From: Keith Marshall
Subject: Re: [FYI] {master} maint: assume 'test -x' is portable
Date: Mon, 27 Feb 2012 14:38:05 +0000
User-agent: Mozilla/5.0 (X11; U; Linux i686; en-US; rv: Gecko/20120131 Thunderbird/3.1.18

On 26/02/12 22:14, Peter Rosin wrote:
> Sorry for the late reply, but this might be relevant.  Personally, I wouldn't
> classify the below as a working "test -x",

On the contrary...

> but I'm not sure what working is in this context...
> $ uname -a
> MINGW32_NT-6.1 PEDA-PC 1.0.17(0.48/3/2) 2011-04-24 23:39 i686 Msys

This tells me you are running MSYS on a recent MS-Windows system;
AFAIK, 'test -x' works correctly (as expected) on MSYS.

> $ touch gurka

Presumably creating an empty file.  No extension to mark it as
executable, and no content to shebang it, so...

> $ test -x gurka
> $ echo $?
> 1

...this is exactly as expected.

> $ test -x gurka.exe
> $ echo $?
> 1

Does gurka.exe exist?  If not, then this too is exactly as expected.

> $ chmod +x gurka
> $ test -x gurka
> $ echo $?
> 1

'chmod [-+]x ...' is a no-op in MSYS.  (Ignore Eric's FAT vs.

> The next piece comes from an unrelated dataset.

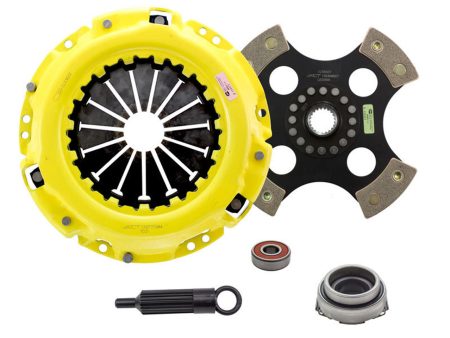 ACT Clutch Kit Toyota Tacoma 2.4L (1995-2004) 4 or 6 Pad - Heavy Duty-O Race Rigid For Cheap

NTFS red
herring; MS-Windows doesn't support executable attribute bits, so the
*only* way to mark a file as executable is by naming it with a suitable
extension, or, specific to MSYS, shebang it; this applies equally to FAT
and NTFS).  Here, gurka has neither a suitable extension, nor a shebang,
so it remains non-executable; again 'test -x' is working correctly, by
telling you this.

> $ test -x gurka.exe
> $ echo $?
> 1

You still don't have any gurka.exe, so 'test -x' is correct again.

> $ rm gurka
> $ touch gurka.exe
> $ test -x gurka
> $ echo $?
> 0

Now, you've created an (empty) gurka.exe; by virtue of its extension, it
is considered executable.  In searching for a file which might be
executed when you enter the command

  $ ./gurka

MSYS emulates MS-Windows own behaviour when you specify a command name
with no explicit extension -- it can't match the unqualified name, so it
tries again with known executable extensions appended; it finds
gurka.exe, (which is executable), and correctly reports it so.

> $ test -x gurka.exe
> $ echo $?
> 0

Correct again.

> $ chmod -x gurka.exe

Another no-op...

> $ test -x gurka
> $ echo $?
> 0 gurka (aka gurka.exe) remains executable, and this is again correct...

> $ test -x gurka.exe
> $ echo $?
> 0 is this.

It isn't 'test -x ...' that isn't working correctly here; it is your
understanding of MSYS, (and in particular the limitations of its chmod
command wrt file attributes which aren't supported by the underlying
MS-Windows OS), which is lacking.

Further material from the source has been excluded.